IL MONITORAGGIO SANITARIO E L’ASSISTENZA MEDICA

L’attività di monitoraggio delle condizioni di salute psico-fisica dell’ospite viene espletata mediante visite/colloqui/consulenze effettuati da:

- 1 Medico Psichiatra interno che garantisce la presenza in struttura 2 giorni alla settimana, occupandosi del monitoraggio psichico degli utenti (che si prenotano liberamente per il colloquio), e dell’aggiornamento degli schemi di terapia farmacologica impostati dai Medici dei Servizi invianti, con i quali mantiene un costante contatto (sia telefonico che attraverso incontri di coordinamento). Le visite/colloqui dello Psichiatra avvengono in struttura, in spazio idoneo e riservato adibito a “studio”;

- 1 Medico di Medicina Generale che garantisce la propria presenza quindicinale in struttura e all’occorrenza visita settimanalmente presso il proprio ambulatorio gli utenti che ne facciano richiesta. In caso di visite presso l’ambulatorio dell’Medico di Medicina Generale l’ospite viene accompagnato da un operatore o da un volontario.

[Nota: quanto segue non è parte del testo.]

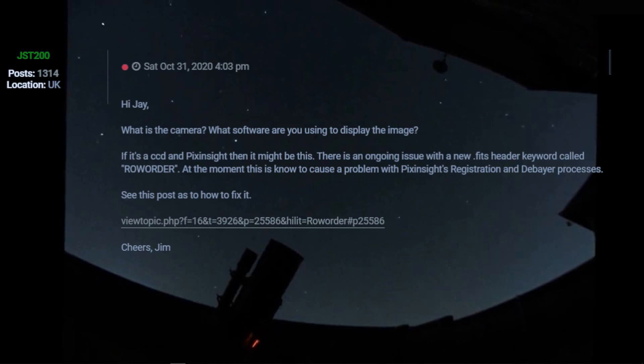And what Jim did was point me to a comment from a different user and the corresponding solution. So I'm going to walk you through that solution and a couple of other things to think about, both from our perspective as users, but also from APT's perspective, as it appeared that conversation, as was being talked about in the APT forum, was that PixInsight might need to be changed rather than APT, and I don't believe that's the case.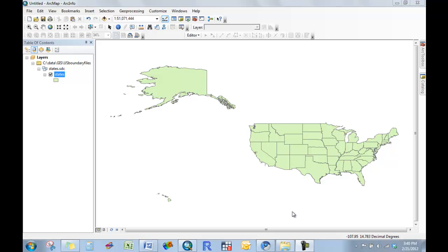In this tutorial, I want to show you a way in which we can enter data into a shapefile directly, rather than joining data from another table or some sort of X, Y data that we spatially join.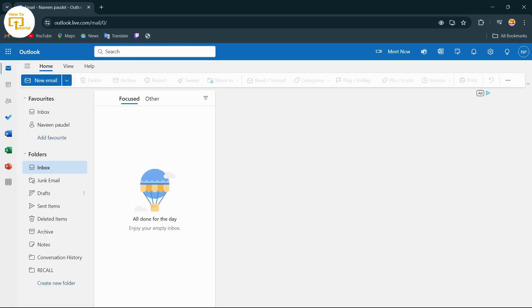After searching for that, it will directly take you to your Outlook account. If you haven't logged in to your Outlook for a long time, then you might have to enter your email address and password. After entering your email address and password, you'll log into your account.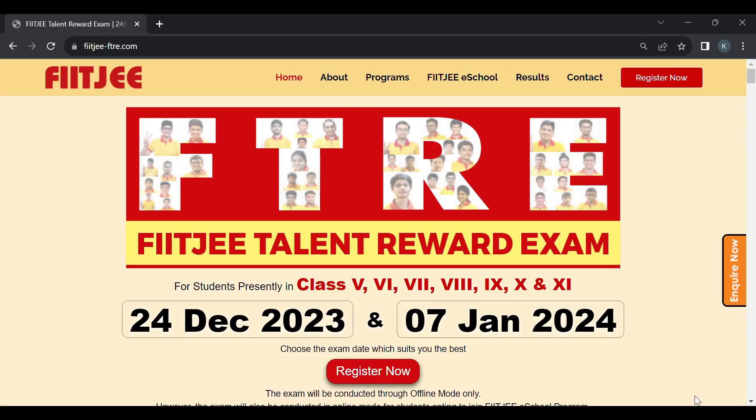Welcome to FITSI VISAG. Today in this video I will be explaining how to register for the FITSI Talent Reward Examination being conducted on 24th December 2023 and 7th January 2024.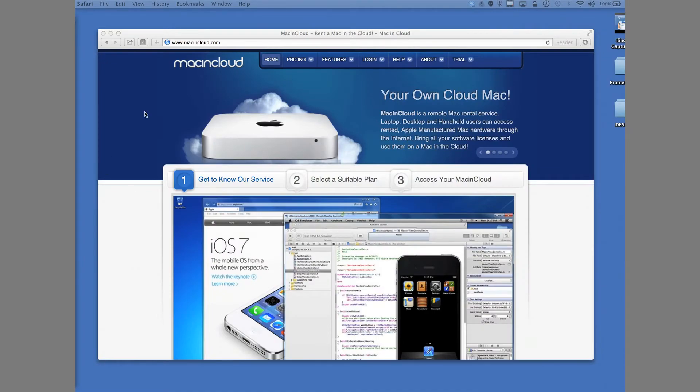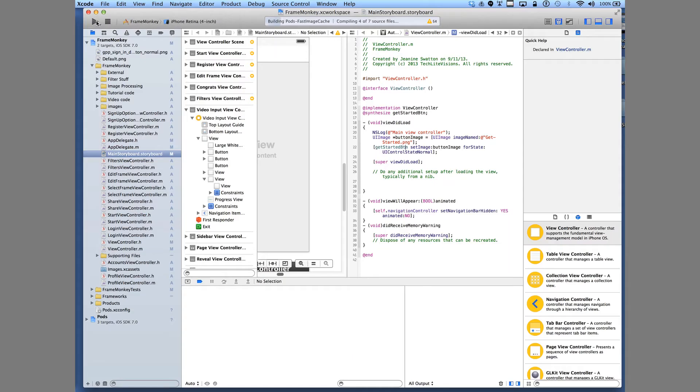Hi, my name is Janine Swatton and today's topic is iPhone coding on Windows XP.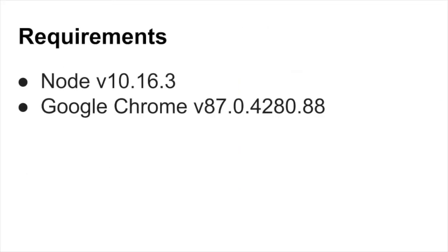In this video, I'm going to be using node version 10.16.3 and Chrome version 87.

La convenzione con l’MMG prevede che – per tutto il periodo di permanenza dell’ospite in struttura – questi diventi il suo medico di famiglia assegnato, specificato anche sulla tessera sanitaria individuale (da accordi con il CUP viene temporaneamente sospesa l’assegnazione del MMG competente per residenza dell’ospite).

Tutti gli interventi a carattere strettamente sanitario di tipo ordinario sono oggetto di definizione e programmazione da parte dell’MMG della struttura e delle stesse strutture sanitarie competenti per specializzazione.

In caso di cure dentistiche si accede:

a) al “Servizio urgenze” dell’Odontoiatria territoriale

b) al “Servizio dentistico gratuito di Scandiano per utenti svantaggiati” dell’Ausl di Scandiano e Reggio Emilia.

Tutti gli interventi a carattere strettamente sanitario di tipo straordinario od in regime di urgenza sono gestiti attraverso una richiesta di intervento presso il presidio medico di urgenza del territorio. Quando la situazione è tale da permetterlo, prestatigli i primi soccorsi, l’ospite è ivi accompagnato da un operatore o da un volontario con tutta la documentazione sanitaria in possesso (Cartella personale). In caso la situazione evidenzi invece caratteristiche di particolare gravità (persone prive di sensi, traumatizzate con rischio di lesioni spinali, in arresto cardiocircolatorio, crisi epilettiche, gravi ulcerazioni e ustioni, crisi ipertensive, iperpiressia, iperglicemia, fratture, tentati suicidi, ecc…) immediatamente l’operatore in turno contatta telefonicamente il 118, spiegando la situazione e chiedendo istruzioni sul da farsi in attesa dell’arrivo sul posto dei soccorsi.

Nello specifico caso delle emergenze di tipo psichiatrico, la Comunità fa riferimento alla “Istruzione Operativa Visite psichiatriche urgenti per la Comunità Nefesh” definita con il Centro di Salute Mentale di Scandiano (competente per territorio).